Many people commit crape murder because they think it promotes better blooms in the coming year. Still others commit crape murder because their crapemyrtle has outgrown the spot where it was planted.Regardless of the motive, crape murder is not only unnecessary, it is detrimental.

But calling it crape murder doesn’t accurately describe what is happening. It can’t really be murder when the victim, the crape myrtle tree, doesn’t die. Dr Gary Bachman from Mississippi State University says a more descriptive and appropriate name should be “crape myrtlation.” Crape myrtlation is the severe and senseless pruning of crape myrtle trees in the late winter. This type of needless pruning results in flushes of weak shoots barely able to hold the summer flower clusters. The severe pruning can also delay flower development. The warm cinnamon, exfoliating bark and beautiful architecture of the branches never have the chance to develop when crape myrtles are mutilated with senseless pruning.

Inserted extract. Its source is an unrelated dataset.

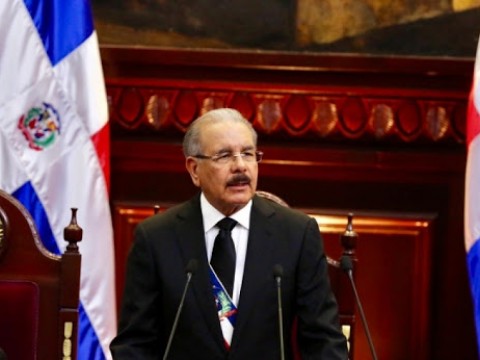 Danilo rendir&aacute; cuentas por ultima vez con un pais sumergido en una crisis pol&iacute;tica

Bachman describes how to correctly prune a crape myrtle:
Begin with sharp pruning tools whose use depends on the diameter of the branches and limbs. Use bypass pruners to easily cut back branches up to 3/4 inch in diameter. For branches up to 1 3/4 inches in diameter, use a robust set of loppers. Use a pruning saw on any branches larger than that.

The best-looking crape myrtles are multi trunked and well-structured. Maintaining an odd number of trunks, such as three or five, looks great and preserves enough space for the tree to produce strong growth.

Pruning time is when we should remove any unwanted trunks. Cut them as close to the ground as you can. Then choose the height where you want the branching to start and remove lower branches back to the main trunk.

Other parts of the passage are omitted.